In Example 1, the cash-flow noise was about whether the market was normal or difficult, something objective that would seem to be Knightian risk. The value risk
was that the firm might be either well-suited or ill-suited, something ``unknowable'' even though the firm will have subjective probabilities, and would thus be Knightian uncertainty. Similarly, in the continuous-time model, the cash flows were Knightian risk, but the expected value was either high or low, but unknown: Knightian uncertainty. Example 2 will illustrate that this is not a reliable equivalence.
\bigskip
\noindent
{\bf Example 2: Hedging Foreign Exchange Risk} \\
An American firm has set up a London office for a three-year period. The new office is a ``good'' or ``bad'' idea with equal probability. The office buys and sells in both dollars and pounds, so it is unclear how the exchange rate affects its profitability. If the office is a good idea, though, the profit will be +1 if the exchange rate moves beneficially, which has probability .70, and 0 if it moves harmfully, an expected annual profit of +.7. If the office is a bad idea, the profits will be 0 or -1, an expected profit of -.3. The firm's optimal strategy is to open the office, and shut it down if and only if its profit is seen to be -1 in some year. If the idea is a good one, the expected profit will then be 2.1. If the idea is a bad one, the office will have 30\% probability of closing after one year, 21\% after two years, 14.7\% after three years due to losses in the third year, and 34.3\% of operating profitably for three years and closing down only because the three-year period is over. Its expected profit if the idea is bad is -.657. Overall, balancing the probability the idea is good with that it is bad, the expected profit is .7215.\footnote{ Another strategy is to close down the London office the first year if -1 is observed, or the second year if 0 is observed in the first year and -1 or 0 in the second. That would have expected profit of -.51 if the idea is bad, of -.51 and 1.547 if it is good, an average of .5185. }
Now suppose the firm instructs the office to hedge its foreign exchange risk. If the office is a good idea and hedging is costless, its profit each year is +.7, while if it is a bad idea, its profit each year is -.3. The firm will know to shut down the first year if its profit is -.3, so the expected profit over the three years is .5(-.3) + .5 (.7+.7+.7) = .90. This is higher than .7215, so the hedging helps, and the firm would be willing to pay as much as .1785 in transactions costs to be able to hedge.
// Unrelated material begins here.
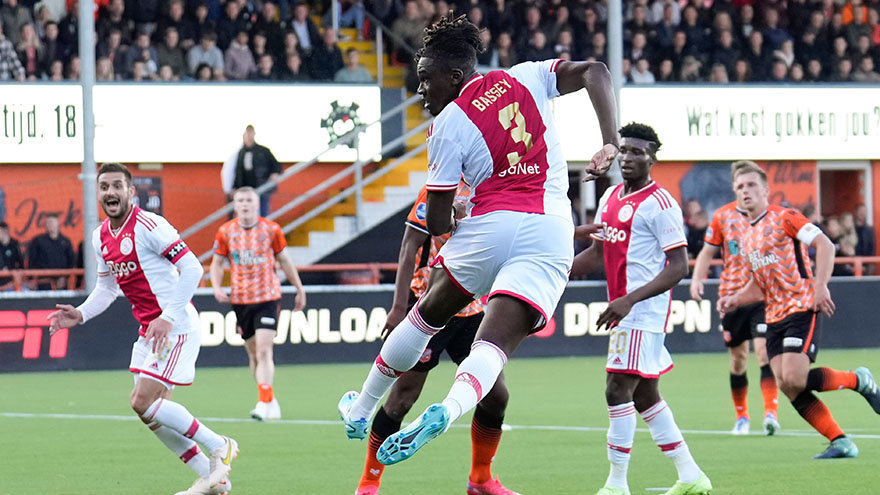 Highlights Ajax Volendam Bassey 880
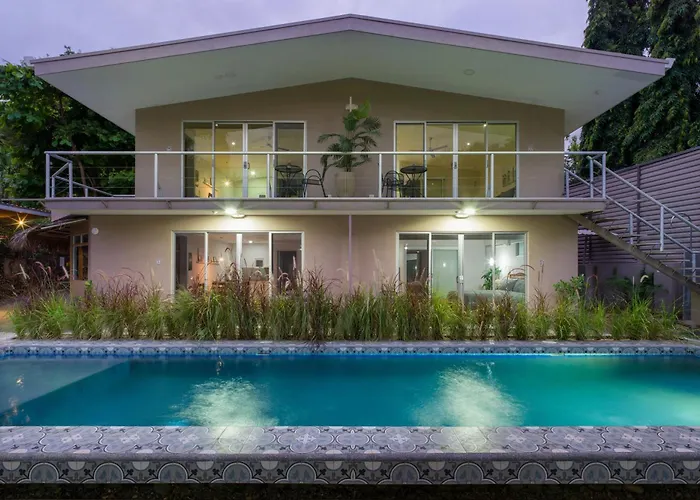Bay Boutique Hotel, & (adults Only) Hotel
As in Example 2 and the continuous-time model, the exchange rate risk is insurable and objective, so it would seem that again cash-flow noise corresponds to Knightian risk. Whether the London office is a good idea or not appears to be subjective and uninsurable, so value risk would correspond to Knightian uncertainty. Knightian uncertainty would thus be good for profit, and Knightian risk would be bad.
But Example 2 can be interpreted to give the opposite results. Suppose the firm has extensive experience setting up foreign offices, and has found that in exactly 50\% of them the idea is a good one. Then the value risk is Knightian risk. Moreover, while exchange rate risk is insurable, the big problem is that the firm doesn't know enough about the inner workings of the office to know whether it benefits from a strong dollar or a weak one. Thus, the cash-flow noise is Knightian uncertainty. The questions of whether (a) there is opportunity for learning because of value risk, and (b) whether learning will be difficult because of cash-flow noise are separate from whether the probabilities are subjective or objective.
\bigskip
For our last example, we will return to the principal-agent problem. I have emphasized that option learning is an alternative to managerial risk aversion as an explanation for corporate aversion to idiosyncratic risk. It is also, however, a supplement to the principal-agent explanation, a supplement that applies even if the agent is risk-neutral. That noise worsens a principal-agent problem is an old idea. Holmstrom's classic 1979 ``sufficient statistic'' paper notes how the informativeness of a signal is hurt by additional risk, and the negative welfare effect shows up naturally in many models, despite the lack of attention to the implications for corporate decisions. (An exception is D. Hirshleifer \& Suh [1992], in which a firm avoids high-variance projects because of the difficulty of incentivizing the manager.) Our next example will be of the problem of incentivizing a risk-neutral manager, to show that option learning does not depend on anyone having concave preferences.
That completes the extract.